- **Problem to work on**
The records below should be copied in full, exactly as shown.

Records drawn from a dataset:

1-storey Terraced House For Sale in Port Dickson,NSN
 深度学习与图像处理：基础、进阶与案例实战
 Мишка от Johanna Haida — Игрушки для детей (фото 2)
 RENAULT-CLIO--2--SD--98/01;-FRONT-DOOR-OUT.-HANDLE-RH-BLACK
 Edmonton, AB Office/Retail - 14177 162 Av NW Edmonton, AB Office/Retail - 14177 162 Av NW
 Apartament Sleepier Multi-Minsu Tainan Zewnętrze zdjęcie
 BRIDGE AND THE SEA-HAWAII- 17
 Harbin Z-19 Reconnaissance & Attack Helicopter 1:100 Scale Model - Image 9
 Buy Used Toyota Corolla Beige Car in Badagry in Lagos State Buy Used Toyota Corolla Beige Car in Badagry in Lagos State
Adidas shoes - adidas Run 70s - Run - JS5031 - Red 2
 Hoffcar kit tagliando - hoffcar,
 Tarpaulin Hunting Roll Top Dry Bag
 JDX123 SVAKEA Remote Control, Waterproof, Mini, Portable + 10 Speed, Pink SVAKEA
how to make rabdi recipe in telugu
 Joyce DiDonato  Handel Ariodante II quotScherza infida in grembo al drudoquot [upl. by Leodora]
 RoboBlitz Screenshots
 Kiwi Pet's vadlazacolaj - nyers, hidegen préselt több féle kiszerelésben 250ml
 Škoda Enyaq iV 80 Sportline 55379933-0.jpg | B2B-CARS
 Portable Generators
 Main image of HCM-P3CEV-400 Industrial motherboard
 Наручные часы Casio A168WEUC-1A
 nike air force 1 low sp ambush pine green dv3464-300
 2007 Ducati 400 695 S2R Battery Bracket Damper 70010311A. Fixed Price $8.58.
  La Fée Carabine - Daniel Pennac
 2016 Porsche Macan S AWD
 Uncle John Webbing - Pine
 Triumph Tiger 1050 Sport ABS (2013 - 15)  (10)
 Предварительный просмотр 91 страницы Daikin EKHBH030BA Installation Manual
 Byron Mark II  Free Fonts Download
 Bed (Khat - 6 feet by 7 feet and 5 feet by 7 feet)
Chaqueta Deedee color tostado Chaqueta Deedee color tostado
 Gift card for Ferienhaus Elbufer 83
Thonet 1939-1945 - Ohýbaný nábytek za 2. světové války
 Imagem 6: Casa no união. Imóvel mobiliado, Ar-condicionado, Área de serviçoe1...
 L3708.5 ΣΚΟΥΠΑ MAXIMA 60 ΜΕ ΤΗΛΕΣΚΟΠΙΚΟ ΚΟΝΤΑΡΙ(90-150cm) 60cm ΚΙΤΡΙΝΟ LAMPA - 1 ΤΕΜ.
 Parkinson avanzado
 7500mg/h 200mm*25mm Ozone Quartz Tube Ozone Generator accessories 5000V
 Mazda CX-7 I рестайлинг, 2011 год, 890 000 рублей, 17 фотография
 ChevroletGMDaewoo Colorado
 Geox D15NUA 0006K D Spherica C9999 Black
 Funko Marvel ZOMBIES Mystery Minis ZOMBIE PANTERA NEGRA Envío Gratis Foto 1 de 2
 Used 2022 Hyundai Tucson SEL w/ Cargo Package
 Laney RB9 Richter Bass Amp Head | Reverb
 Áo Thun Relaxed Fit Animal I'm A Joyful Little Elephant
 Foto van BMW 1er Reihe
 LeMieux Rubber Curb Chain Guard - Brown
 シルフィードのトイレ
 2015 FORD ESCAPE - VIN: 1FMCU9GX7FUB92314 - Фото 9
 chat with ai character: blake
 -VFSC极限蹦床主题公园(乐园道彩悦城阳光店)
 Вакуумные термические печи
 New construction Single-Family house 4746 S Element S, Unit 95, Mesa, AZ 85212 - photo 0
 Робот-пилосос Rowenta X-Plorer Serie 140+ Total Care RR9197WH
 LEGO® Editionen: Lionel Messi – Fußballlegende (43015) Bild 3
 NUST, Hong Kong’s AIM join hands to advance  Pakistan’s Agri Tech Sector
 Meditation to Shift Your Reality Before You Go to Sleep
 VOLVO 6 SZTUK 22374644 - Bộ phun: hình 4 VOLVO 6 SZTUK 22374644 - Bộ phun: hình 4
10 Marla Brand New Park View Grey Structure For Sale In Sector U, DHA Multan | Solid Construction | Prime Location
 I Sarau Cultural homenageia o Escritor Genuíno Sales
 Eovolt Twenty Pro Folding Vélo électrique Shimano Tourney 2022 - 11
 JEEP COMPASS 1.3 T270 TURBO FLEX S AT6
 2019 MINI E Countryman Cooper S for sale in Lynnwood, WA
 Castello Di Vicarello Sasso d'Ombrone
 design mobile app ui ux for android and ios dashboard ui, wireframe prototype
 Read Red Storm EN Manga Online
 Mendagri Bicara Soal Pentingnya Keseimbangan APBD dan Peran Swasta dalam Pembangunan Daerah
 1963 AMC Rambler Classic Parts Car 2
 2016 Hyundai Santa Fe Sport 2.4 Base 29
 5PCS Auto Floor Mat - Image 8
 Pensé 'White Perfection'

- **Task result**
1-storey Terraced House For Sale in Port Dickson,NSN
 深度学习与图像处理：基础、进阶与案例实战
 Мишка от Johanna Haida — Игрушки для детей (фото 2)
 RENAULT-CLIO--2--SD--98/01;-FRONT-DOOR-OUT.-HANDLE-RH-BLACK
 Edmonton, AB Office/Retail - 14177 162 Av NW Edmonton, AB Office/Retail - 14177 162 Av NW
 Apartament Sleepier Multi-Minsu Tainan Zewnętrze zdjęcie
 BRIDGE AND THE SEA-HAWAII- 17
 Harbin Z-19 Reconnaissance & Attack Helicopter 1:100 Scale Model - Image 9
 Buy Used Toyota Corolla Beige Car in Badagry in Lagos State Buy Used Toyota Corolla Beige Car in Badagry in Lagos State
Adidas shoes - adidas Run 70s - Run - JS5031 - Red 2
 Hoffcar kit tagliando - hoffcar,
 Tarpaulin Hunting Roll Top Dry Bag
 JDX123 SVAKEA Remote Control, Waterproof, Mini, Portable + 10 Speed, Pink SVAKEA
how to make rabdi recipe in telugu
 Joyce DiDonato  Handel Ariodante II quotScherza infida in grembo al drudoquot [upl. by Leodora]
 RoboBlitz Screenshots
 Kiwi Pet's vadlazacolaj - nyers, hidegen préselt több féle kiszerelésben 250ml
 Škoda Enyaq iV 80 Sportline 55379933-0.jpg | B2B-CARS
 Portable Generators
 Main image of HCM-P3CEV-400 Industrial motherboard
 Наручные часы Casio A168WEUC-1A
 nike air force 1 low sp ambush pine green dv3464-300
 2007 Ducati 400 695 S2R Battery Bracket Damper 70010311A. Fixed Price $8.58.
  La Fée Carabine - Daniel Pennac
 2016 Porsche Macan S AWD
 Uncle John Webbing - Pine
 Triumph Tiger 1050 Sport ABS (2013 - 15)  (10)
 Предварительный просмотр 91 страницы Daikin EKHBH030BA Installation Manual
 Byron Mark II  Free Fonts Download
 Bed (Khat - 6 feet by 7 feet and 5 feet by 7 feet)
Chaqueta Deedee color tostado Chaqueta Deedee color tostado
 Gift card for Ferienhaus Elbufer 83
Thonet 1939-1945 - Ohýbaný nábytek za 2. světové války
 Imagem 6: Casa no união. Imóvel mobiliado, Ar-condicionado, Área de serviçoe1...
 L3708.5 ΣΚΟΥΠΑ MAXIMA 60 ΜΕ ΤΗΛΕΣΚΟΠΙΚΟ ΚΟΝΤΑΡΙ(90-150cm) 60cm ΚΙΤΡΙΝΟ LAMPA - 1 ΤΕΜ.
 Parkinson avanzado
 7500mg/h 200mm*25mm Ozone Quartz Tube Ozone Generator accessories 5000V
 Mazda CX-7 I рестайлинг, 2011 год, 890 000 рублей, 17 фотография
 ChevroletGMDaewoo Colorado
 Geox D15NUA 0006K D Spherica C9999 Black
 Funko Marvel ZOMBIES Mystery Minis ZOMBIE PANTERA NEGRA Envío Gratis Foto 1 de 2
 Used 2022 Hyundai Tucson SEL w/ Cargo Package
 Laney RB9 Richter Bass Amp Head | Reverb
 Áo Thun Relaxed Fit Animal I'm A Joyful Little Elephant
 Foto van BMW 1er Reihe
 LeMieux Rubber Curb Chain Guard - Brown
 シルフィードのトイレ
 2015 FORD ESCAPE - VIN: 1FMCU9GX7FUB92314 - Фото 9
 chat with ai character: blake
 -VFSC极限蹦床主题公园(乐园道彩悦城阳光店)
 Вакуумные термические печи
 New construction Single-Family house 4746 S Element S, Unit 95, Mesa, AZ 85212 - photo 0
 Робот-пилосос Rowenta X-Plorer Serie 140+ Total Care RR9197WH
 LEGO® Editionen: Lionel Messi – Fußballlegende (43015) Bild 3
 NUST, Hong Kong’s AIM join hands to advance  Pakistan’s Agri Tech Sector
 Meditation to Shift Your Reality Before You Go to Sleep
 VOLVO 6 SZTUK 22374644 - Bộ phun: hình 4 VOLVO 6 SZTUK 22374644 - Bộ phun: hình 4
10 Marla Brand New Park View Grey Structure For Sale In Sector U, DHA Multan | Solid Construction | Prime Location
 I Sarau Cultural homenageia o Escritor Genuíno Sales
 Eovolt Twenty Pro Folding Vélo électrique Shimano Tourney 2022 - 11
 JEEP COMPASS 1.3 T270 TURBO FLEX S AT6
 2019 MINI E Countryman Cooper S for sale in Lynnwood, WA
 Castello Di Vicarello Sasso d'Ombrone
 design mobile app ui ux for android and ios dashboard ui, wireframe prototype
 Read Red Storm EN Manga Online
 Mendagri Bicara Soal Pentingnya Keseimbangan APBD dan Peran Swasta dalam Pembangunan Daerah
 1963 AMC Rambler Classic Parts Car 2
 2016 Hyundai Santa Fe Sport 2.4 Base 29
 5PCS Auto Floor Mat - Image 8
 Pensé 'White Perfection'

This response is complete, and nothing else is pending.